On the left is a long term picture of the U.S. Dollar Index. It is near its peak of the last decade but below three prior high points. Last week it sold off a bit after the ISM Manufacturing survey came in weaker than expected. Some of the smartest people whose analysis I read are predicting an end to the Dollar's strength. I have to see a definitive break of the trading channel before I count it out.

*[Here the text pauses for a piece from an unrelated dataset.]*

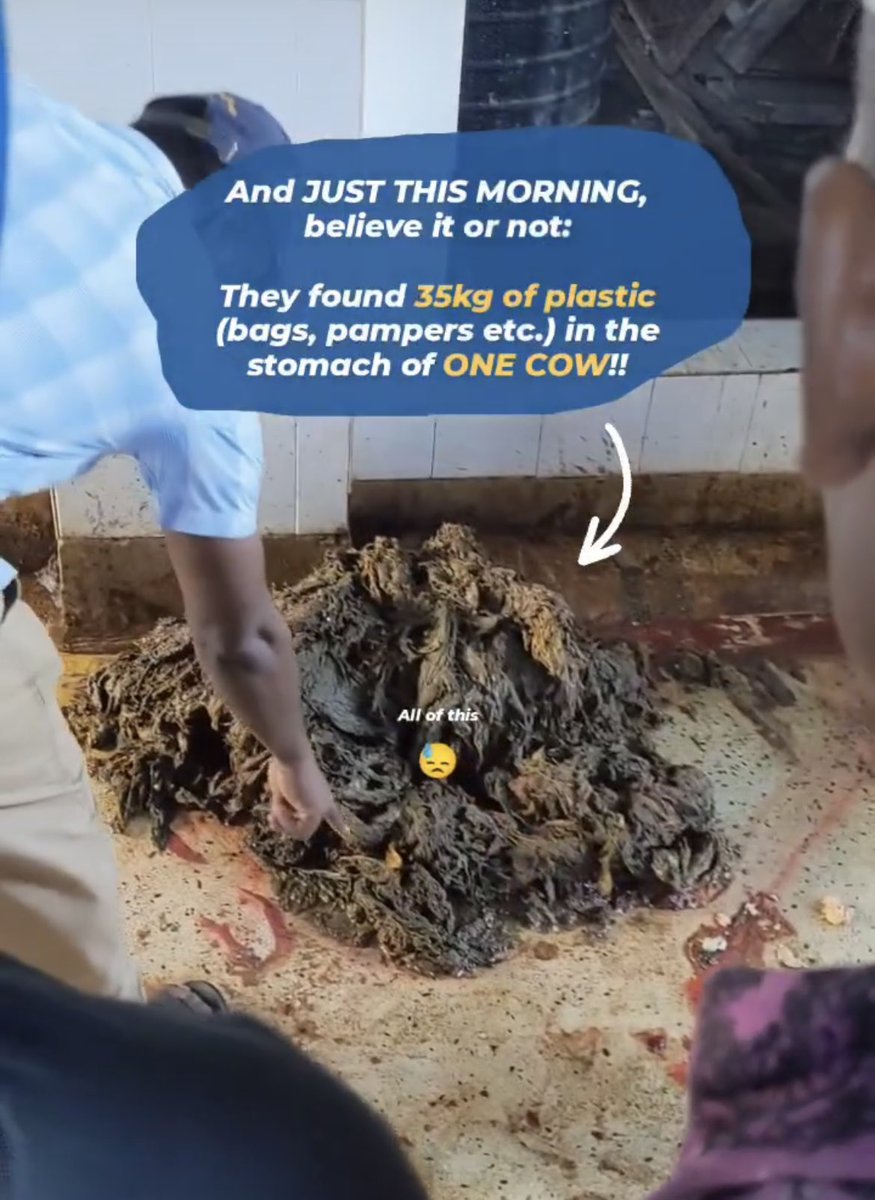 Visit to a local butchery with our students - the butcher has just removed 35kgs of undigested materials - plastics including diapers from ONE cow…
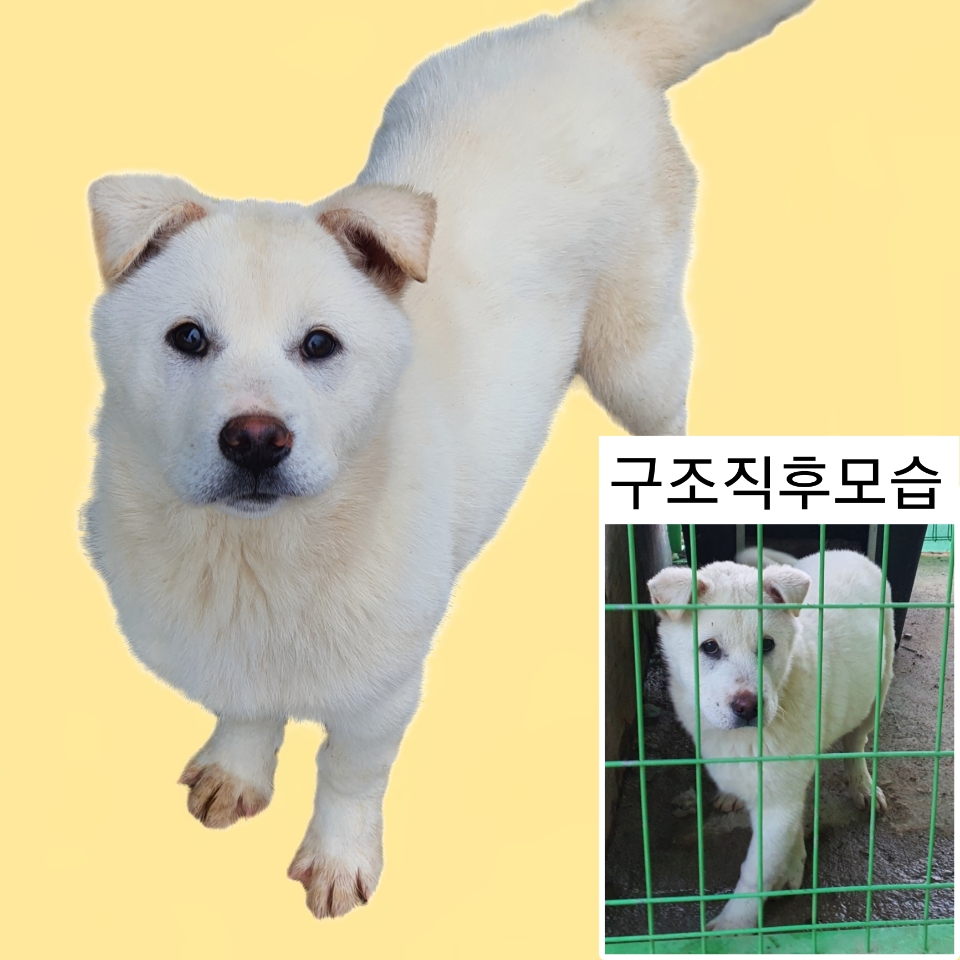 보호중 진도견의 가…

Last week the Saudis claimed that production is back to pre-attack levels. I have a hard time believing this but obviously the oil market believes it. Prices are back to the low $50s amid universal pessimism toward all things energy related. On the right is XLE the Energy Sector SPDR. It is close to touching the $55 level for the fourth time. There is an old trader's saying that goes something like this - When price touches the same level for the fourth time, expect extreme volatility. There is no clue as to which way the market will go after this fourth touch - a big rebound or a collapse. In the case of energy related stocks I am trading them from the long side. The group is very beaten down and out of favor. Some analysts are saying that big institutions are selling oil stocks because of share holder pressure over global warming. Look at the dividend on some of these stocks. Exxon Mobil has a current yield of 5.05%. BP is at 6.06%. Chevron is at 4.18%. Compare the chart of XLE to the Utilities SPDR shown above. Which group has more room to the upside at this point? Yes, oil could collapse but my bet is that these stocks, artificially sold for political reasons, are a bargain.

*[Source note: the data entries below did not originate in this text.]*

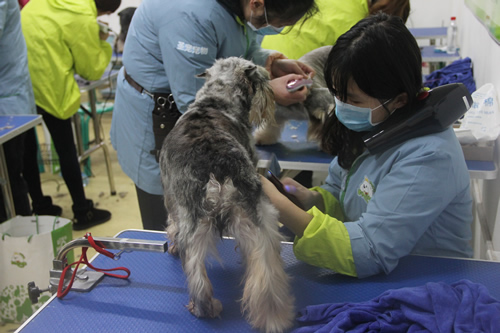圣寵寵物美容學校30期班雪納瑞美容實操練習課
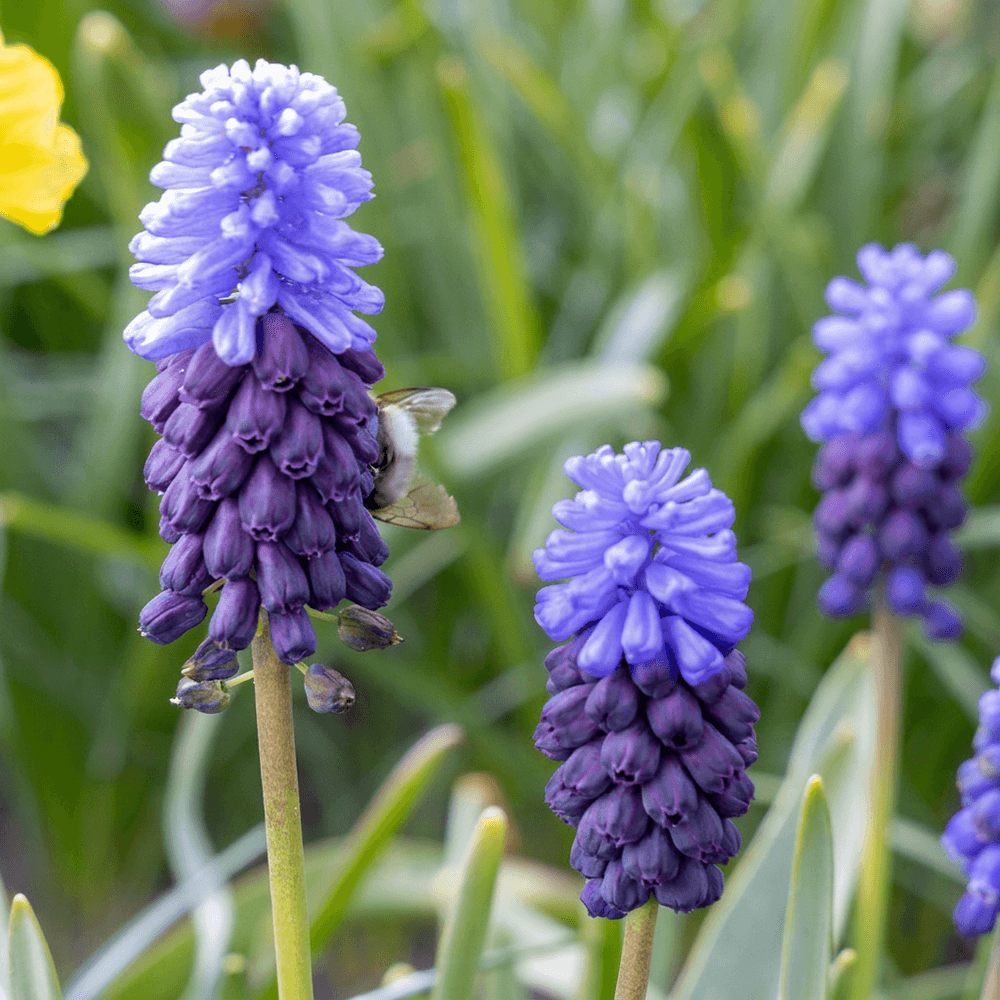 Muscari à larges feuilles (muscari) - calibre 5/6 - 100 bulbes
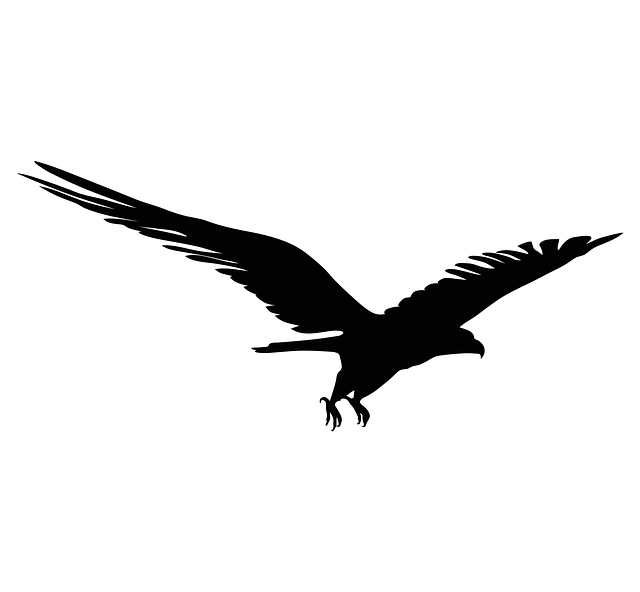 Free eagle bird symbol illustration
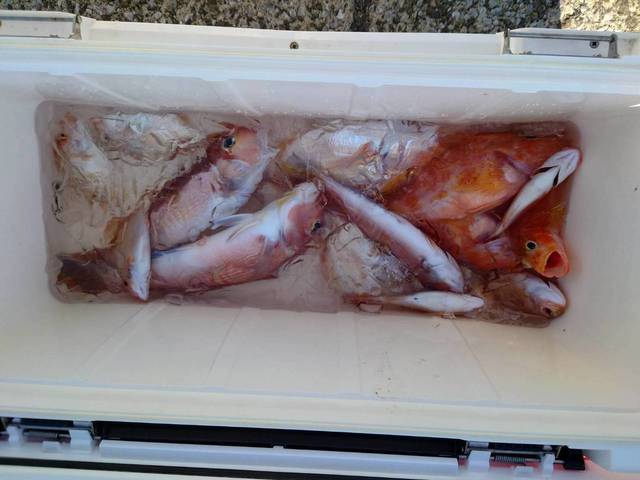 アマダイ(アカアマダイ)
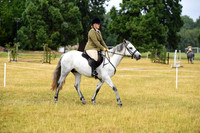 41 Very Novice Ridden Mare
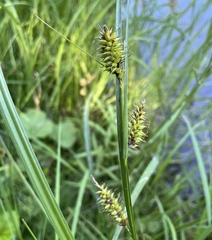 Carex vesicaria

Last week I was out in farm country after the latest USDA crop update. Yields and acreage were reduced and grains rallied. Soy Beans are limping along near their lows of the last decade. There is still a big carry-over in storage from past years so there is no current shortage. One of my favorite scenes from Jaws is when the crew is first out on the water trying to attract the shark. The captain is relaxing, holding his rod when it clicks due to a small tug. He quietly straps himself in, preparing for what his experience tells him is an encounter with the beast. I am interpreting this crop report as that initial click. I am strapping myself in for higher prices!

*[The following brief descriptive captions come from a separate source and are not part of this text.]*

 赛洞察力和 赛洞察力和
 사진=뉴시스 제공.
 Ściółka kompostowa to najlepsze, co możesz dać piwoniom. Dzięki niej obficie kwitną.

Strategy for the next two weeks: I am dying to pull the trigger on shorting the stock market. I love down markets and tend to see things from a bearish perspective. I just can't do it right now because of the sentiment related graphs shown above. The trades I am putting on are to short bonds and gold related things. As with the bout of put option buying, investors have placed a lot of money into bonds and gold in anticipation of a stock market collapse. The first few days of the week should clarify things. On a very short term basis, stocks are "over bought" because of the big upside move from Thursday's lows. If they can't knock the market down much by Tuesday afternoon I will look for another rally phase. I am keeping my positions small. Markets that top in July then sell off into August tend to peak in early to mid-October so if we see a new high during the next two weeks along with weakness in gold and bonds, I will take profits.

Analysts are saying that consumers are confident and spending too much relative to their income. They are predicting that the consumer will run out of spending power and that will be the turning point toward a recession. To the left is a graph from the St. Louis Fed web site which has hundreds of charts that you can graze through. This one shows Delinquency Rates on Credit Card Loans since 1992. The 90s were a decent time for most of us but note that the default rate was higher then than it is now. If the consumer is "tapped out" it is not showing up in the Delinquency Rate data.